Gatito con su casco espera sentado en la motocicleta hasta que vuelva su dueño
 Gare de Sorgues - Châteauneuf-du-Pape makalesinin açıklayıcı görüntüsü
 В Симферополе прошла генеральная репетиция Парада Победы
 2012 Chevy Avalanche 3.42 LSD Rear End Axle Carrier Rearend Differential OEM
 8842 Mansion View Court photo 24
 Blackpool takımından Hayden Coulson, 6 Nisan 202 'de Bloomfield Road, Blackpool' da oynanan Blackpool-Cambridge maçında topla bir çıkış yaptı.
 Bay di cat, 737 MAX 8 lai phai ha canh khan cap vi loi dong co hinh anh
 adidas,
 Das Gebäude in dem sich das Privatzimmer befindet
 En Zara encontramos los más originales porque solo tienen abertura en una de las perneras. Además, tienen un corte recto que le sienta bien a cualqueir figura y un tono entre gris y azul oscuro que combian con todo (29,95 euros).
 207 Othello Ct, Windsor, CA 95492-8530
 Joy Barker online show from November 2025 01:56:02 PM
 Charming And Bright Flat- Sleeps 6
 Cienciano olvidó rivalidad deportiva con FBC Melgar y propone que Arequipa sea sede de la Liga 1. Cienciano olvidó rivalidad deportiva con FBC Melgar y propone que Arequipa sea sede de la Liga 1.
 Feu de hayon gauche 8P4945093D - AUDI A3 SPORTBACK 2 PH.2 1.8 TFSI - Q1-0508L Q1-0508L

Exercise instructions ▸ None of the records may be skipped; each is to be repeated exactly.

Response for this exercise ▸
Gatito con su casco espera sentado en la motocicleta hasta que vuelva su dueño
 Gare de Sorgues - Châteauneuf-du-Pape makalesinin açıklayıcı görüntüsü
 В Симферополе прошла генеральная репетиция Парада Победы
 2012 Chevy Avalanche 3.42 LSD Rear End Axle Carrier Rearend Differential OEM
 8842 Mansion View Court photo 24
 Blackpool takımından Hayden Coulson, 6 Nisan 202 'de Bloomfield Road, Blackpool' da oynanan Blackpool-Cambridge maçında topla bir çıkış yaptı.
 Bay di cat, 737 MAX 8 lai phai ha canh khan cap vi loi dong co hinh anh
 adidas,
 Das Gebäude in dem sich das Privatzimmer befindet
 En Zara encontramos los más originales porque solo tienen abertura en una de las perneras. Además, tienen un corte recto que le sienta bien a cualqueir figura y un tono entre gris y azul oscuro que combian con todo (29,95 euros).
 207 Othello Ct, Windsor, CA 95492-8530
 Joy Barker online show from November 2025 01:56:02 PM
 Charming And Bright Flat- Sleeps 6
 Cienciano olvidó rivalidad deportiva con FBC Melgar y propone que Arequipa sea sede de la Liga 1. Cienciano olvidó rivalidad deportiva con FBC Melgar y propone que Arequipa sea sede de la Liga 1.
 Feu de hayon gauche 8P4945093D - AUDI A3 SPORTBACK 2 PH.2 1.8 TFSI - Q1-0508L Q1-0508L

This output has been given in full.